Ever since the girls got too big to want me to walk to school with them, I’ve found myself spending more and more time indoors, when what I really need, is to get out into the fresh air and go for a walk.

Now I know it really isn’t difficult to put your shoes on and head off into the country, especially as we live on the edge of the Grand Union Canal, but I’ve struggled with doing it regularly. Until now, because as of last week, we have a dog!
I have now been out for at least four miles a day, every day for a week and I love it.
I’m not sure that I’m much fitter yet, and if he decides to jerk the lead as hard as he did this morning (well he had just spotted his new best friend across the field), I might need a neck brace – talk about whiplash, if I’d been in the car, I could probably have made a mint.
But the very act of getting into the fresh air is doing wonders.
Knowing that he needs a good walk, I’m scheduling my time to fit everything in – that helps me feel purposeful.
Every day, I’m meeting new people, and it’s true that more people speak to you when you have a dog with you.
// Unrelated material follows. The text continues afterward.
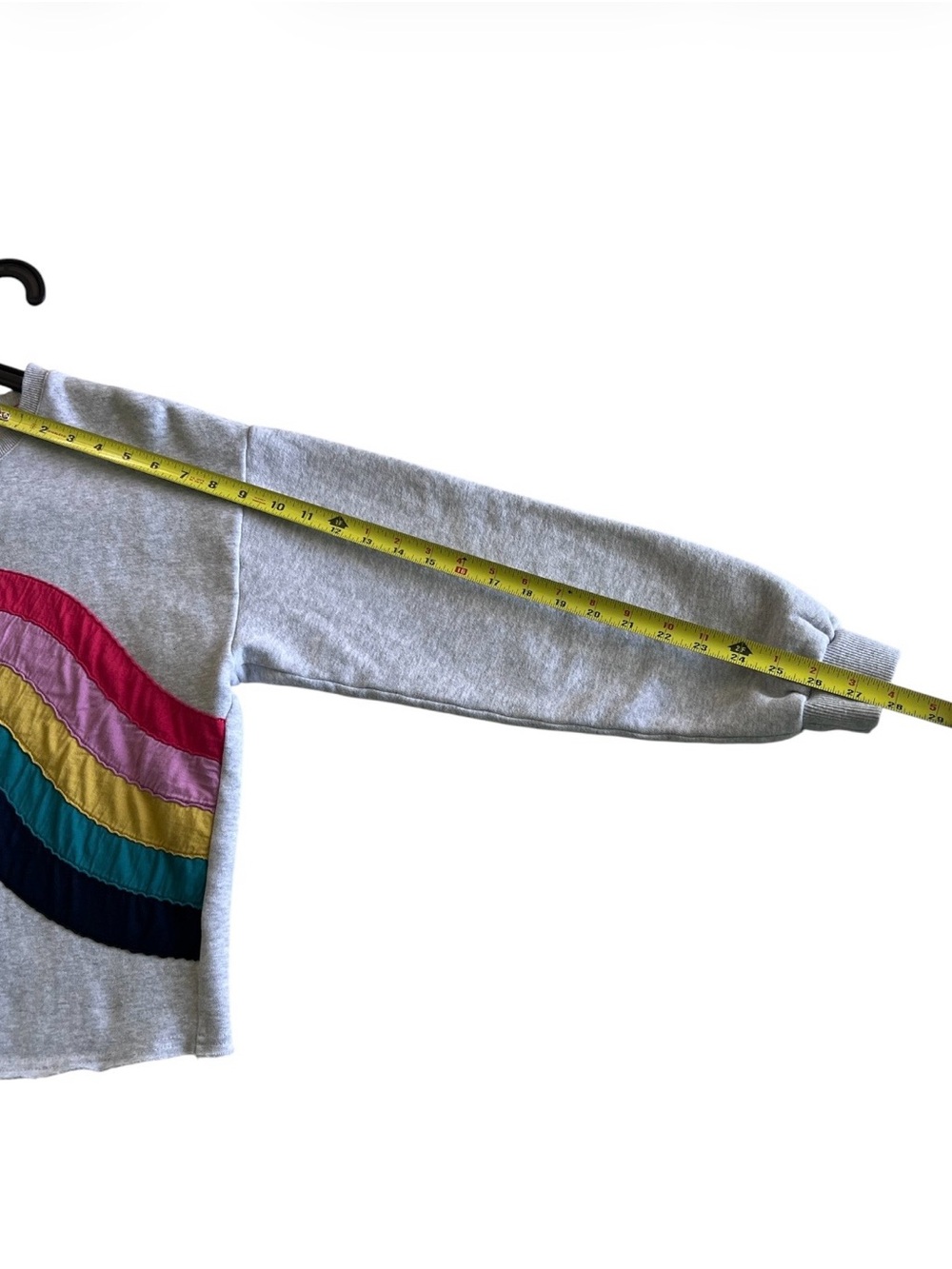 Marine Layer XS Cropped Color Stripe Sweatshirt - Gray - Picture 7 of 8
And perhaps, for me, best of all, is that I can now tune back in to the rhythms of nature. I’ve understood for ages, that I respond closely to the changing seasons, but walking outdoors every day, even for such a short time, is already reminding me, how much happens in nature while we get on with out daily lives.
This morning’s highlights were the moorhen with her chicks, and the yellow irises, beginning to bloom at the edge of the canal.
ALmost everything I’ve read over recent years about meditation, mentions walking meditation. Well, this might not be a true walking meditation, but it is certainly spiritually uplifting and I’m delighted to embrace the effect.